**Supplied information:**
+ + + + + + +

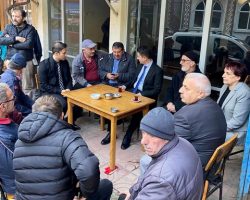 Borçka Kaymakamı Contarlı, esnaf ve vatandaşların taleplerini dinledi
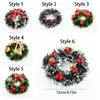 2pcs Artificial Hanging Ornament Exquisite Candle Holder Christmas Wreath Pendant  Photography Props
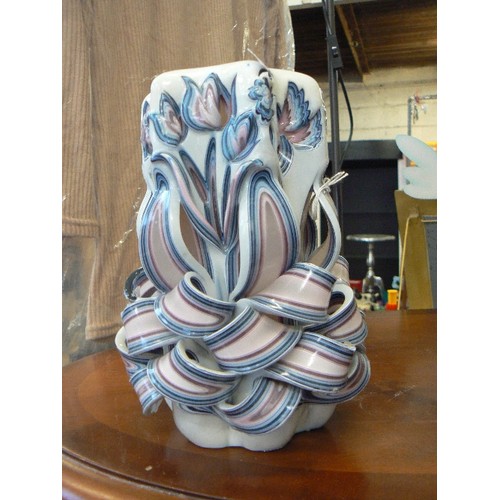 219 - UNUSUAL DUTCH CANDLE SCULPTURE, BY HOLLAND HOUSE CANDLES INC.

+ + + + + + +

**Activity:** Please copy the data above exactly, omitting the pictures.

**Task solution:**
 Borçka Kaymakamı Contarlı, esnaf ve vatandaşların taleplerini dinledi
 2pcs Artificial Hanging Ornament Exquisite Candle Holder Christmas Wreath Pendant  Photography Props
 219 - UNUSUAL DUTCH CANDLE SCULPTURE, BY HOLLAND HOUSE CANDLES INC.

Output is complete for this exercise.